Just curious has anyone used or heard/thought of using Nettle in soap?


If so are there issues and or benefits from it?


----------



## Kamahido (Apr 14, 2016)

Nettle? Like as in Stinging Nettle?


----------



## Chefmom (Apr 14, 2016)

Yes, I use infused nettle oil and I used nettle tea leaves once, but I think they are a little too exfoliating to the point of harsh.  Nettle is one of my go to herbs in my herb blend with comfrey, calendula, chamomile, yarrow, plantain.  I now use nettle powder that I buy in place of the nettle tea.


----------



## Saipan (Apr 14, 2016)

Kamahido said:


> Nettle? Like as in Stinging Nettle?



Yes.

Apparently when properly cultivated it has magical properties for the skin.

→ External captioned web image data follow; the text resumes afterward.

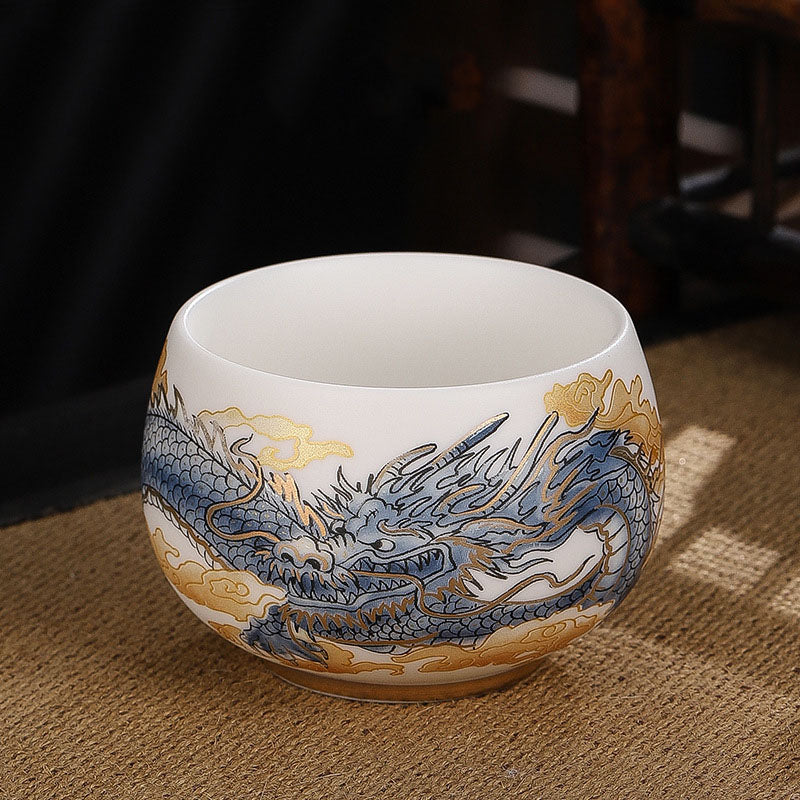 Buddha Stones Drago Cicala Bambù Cervo Gru Loto Prugna Fiore Tazza da tè in ceramica Kung Fu Tazza da tè Ciotola 185ml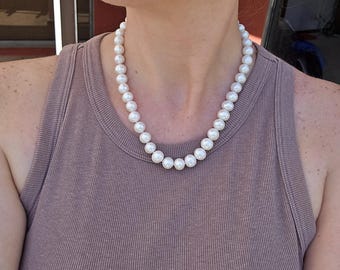 Collar de perlas reales con cierre de seguridad relleno de oro de 14k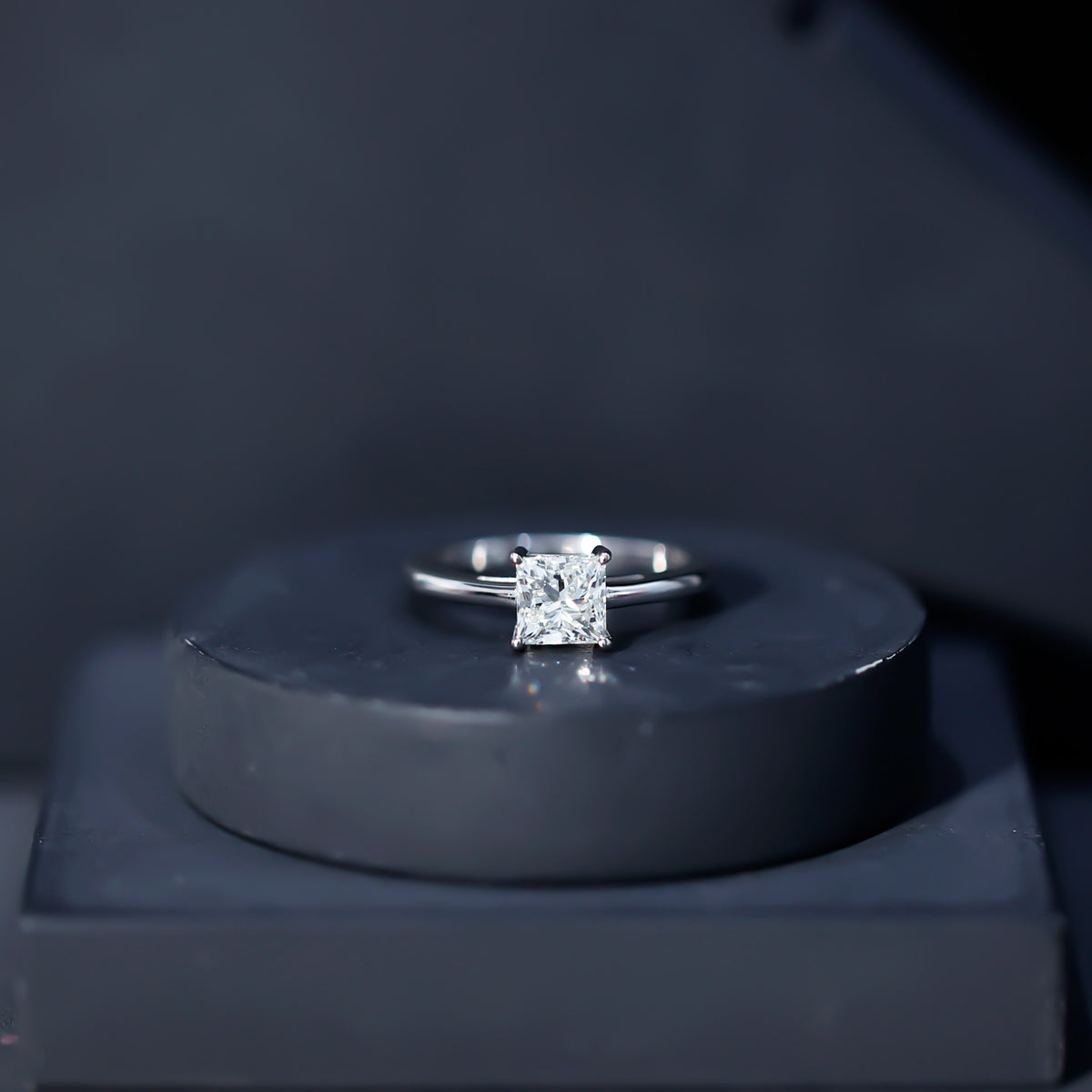 1.2 Carat Certified Lab Grown Diamond Square Cut Engagement Ring Lab - ( EF-VS ) - Rosec Jewels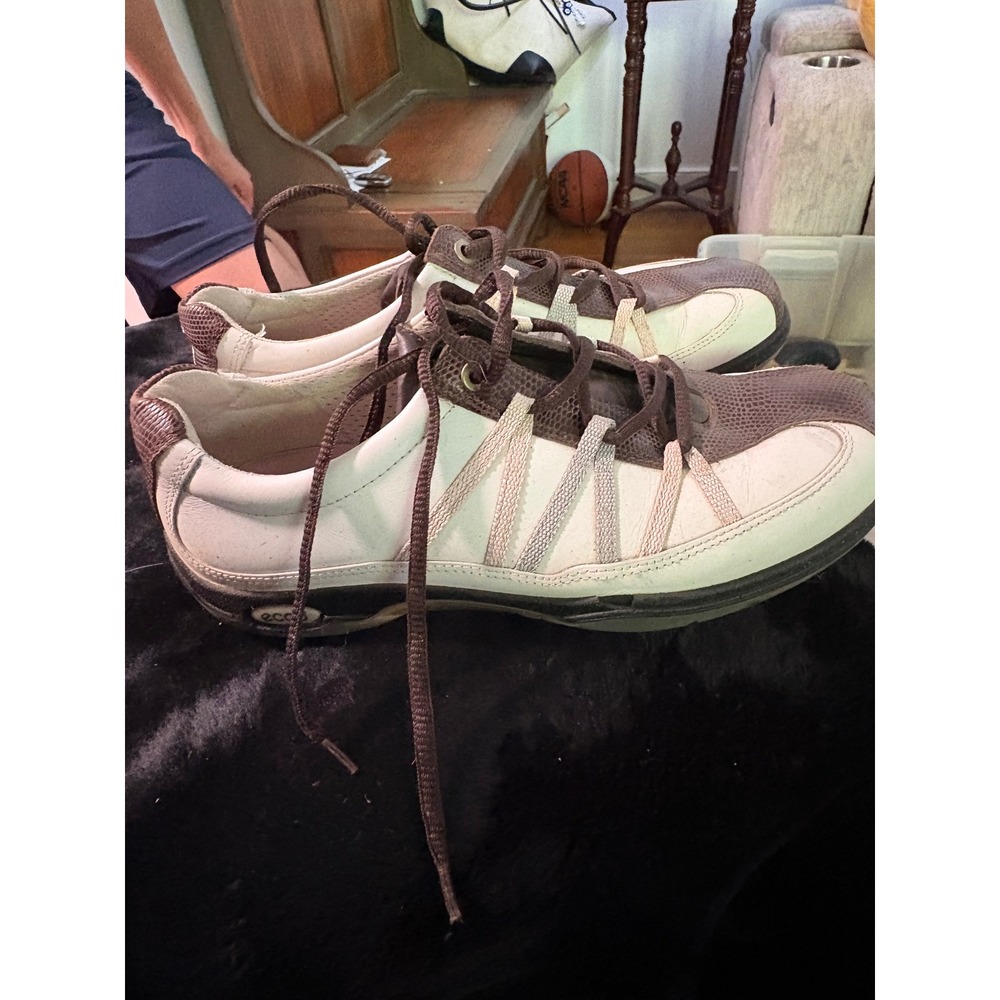 Ecco Golf Shoes Womens 38 White Brown Leather Snake Print Spikes Athletic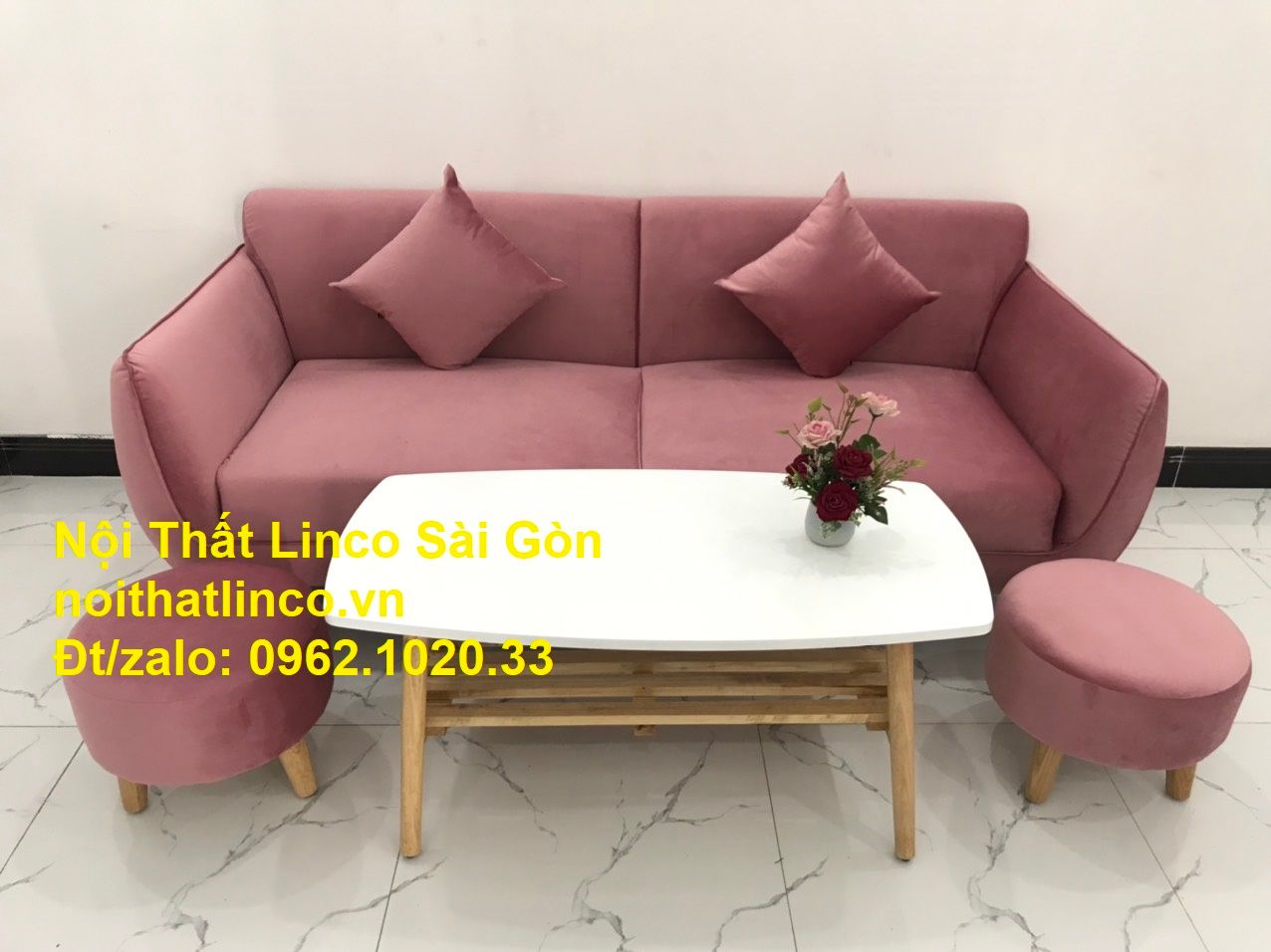 Mẫu sofa băng văng dài 1m9 giá rẻ | so pha Màu hồng phấn cánh sen đẹp ở tại Nội thất Linco Sài Gòn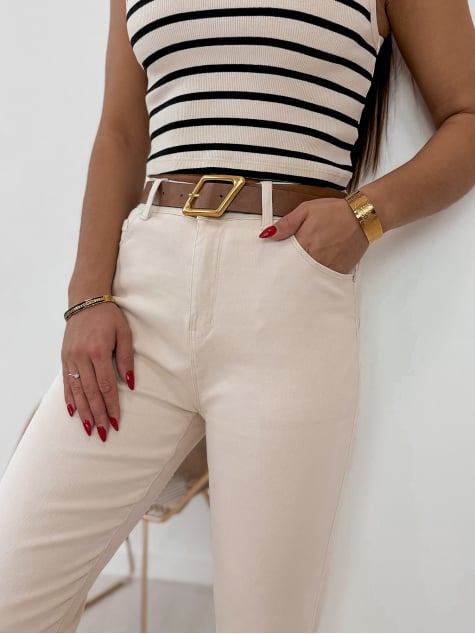 SPODNIE RISLEY KREMOWE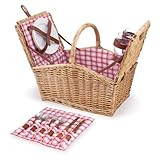 Picnic Time Piccadilly Willow Picnic Basket for Two People, with Plates, Wine Glasses, Cutlery, and  | Amazon (US)
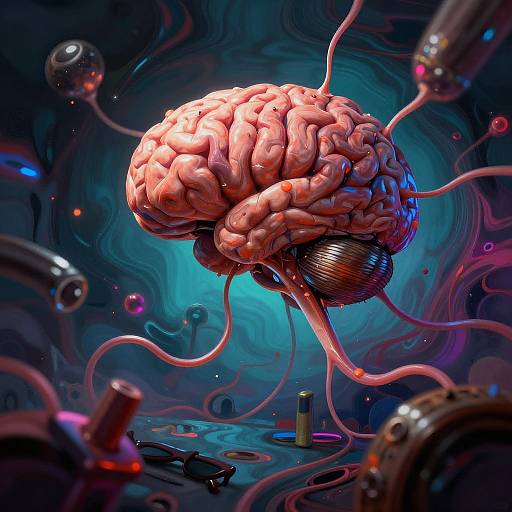Digital artwork of a glowing, pink, floating human brain with tentacle-like extensions, surrounded by blue swirling lights and futuristic machinery.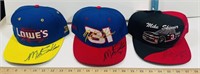 3 Autographed Mike Skinner Hats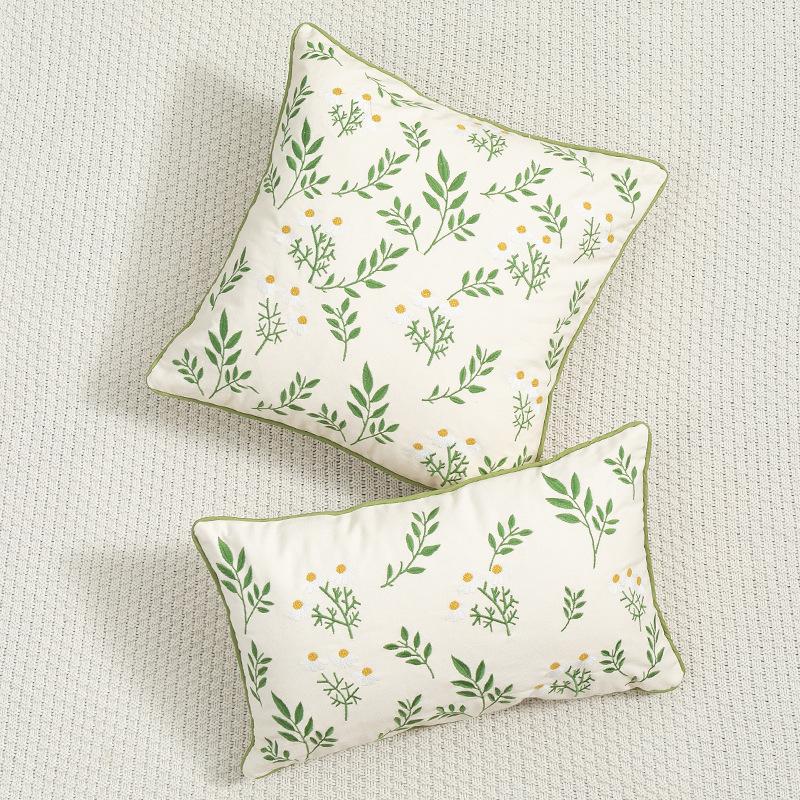 Square Plant Flower Embroidery Pillowcase Cotton Soft Natural Pastoral Style Cushion Cover for Living Room Sofa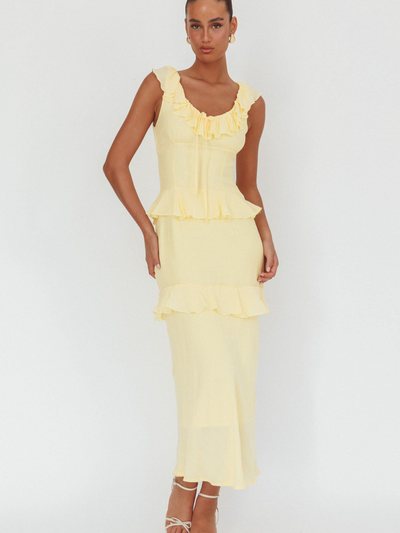 Selfieleslie Arrabel Ruffle Trim Bust Tie Maxi Dress Banana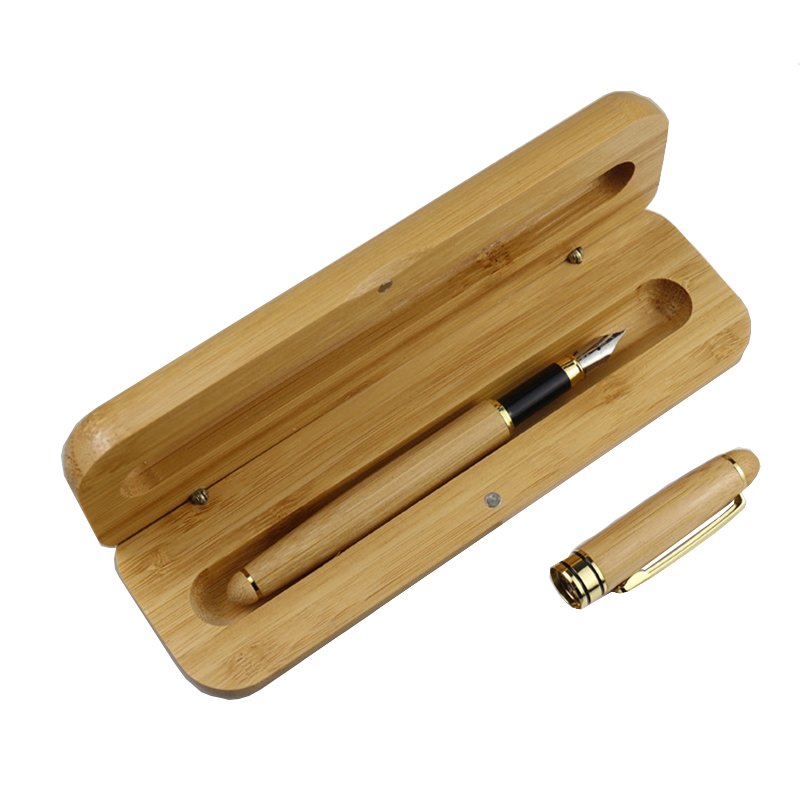 Personalized Promotional Eco Friendly Bamboo Wooden Ballpoint Pen Box Set Wooden Pen Case Set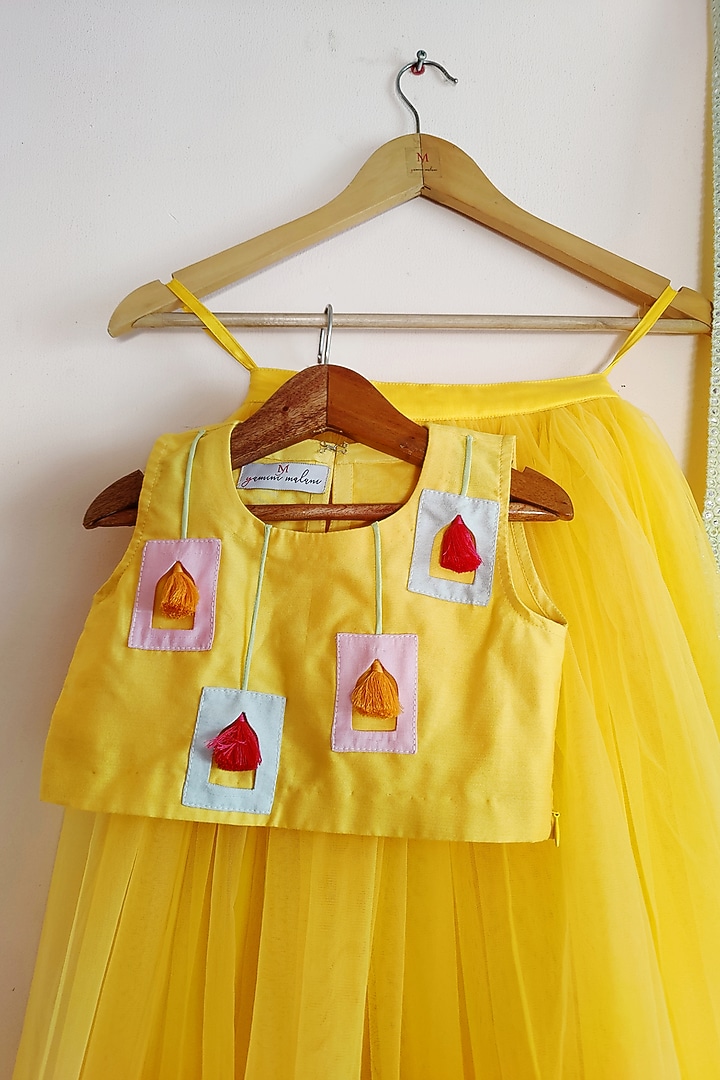 Yellow Net Lehenga Set For Girls by YMKids at Pernia's Pop Up Shop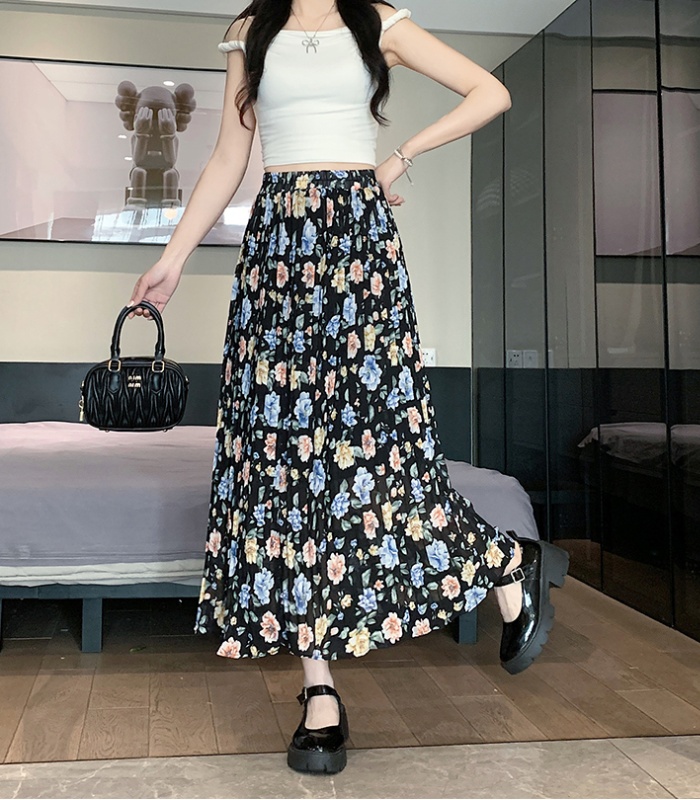 Chiffon floral long skirt pleated skirt for women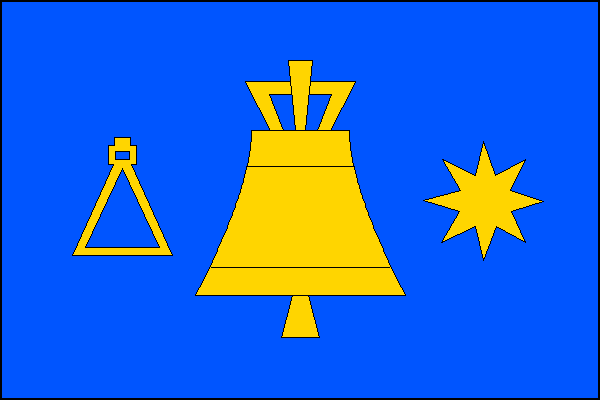 Modrý list, uprostřed zvon se závěsem provázený třmenem a osmicípou hvězdou, vše žluté. Poměr šířky k délce listu je 2:3.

Just trying to find out as much as I can.


----------



## Seawolfe (Apr 15, 2016)

I used some powdered nettle in an OO infusion, along with comfrey, hoping for a nice green. The color faded, but it was ok. I don't know that anything botanically magical survives the lye monster...


----------



## SozoArtisanSoaps (May 4, 2016)

I infuse nettle in olive oil and strain and use that along with horsetail infused oil in my shampoo bars  Works great!


----------



## TeresaT (May 4, 2016)

I mix nettle powder and spirulina to get a pretty green.  (I blatantly stole that from someone on this forum.  Thanks, whoever you are!)  I haven't had it fade on me, nor have I had any issues.


----------



## penelopejane (May 5, 2016)

TeresaT ^^^^


How long has it been curing? My Spirulina soap was a fantastic dark green to start but faded to a pale fawn colour in about 2 months.


----------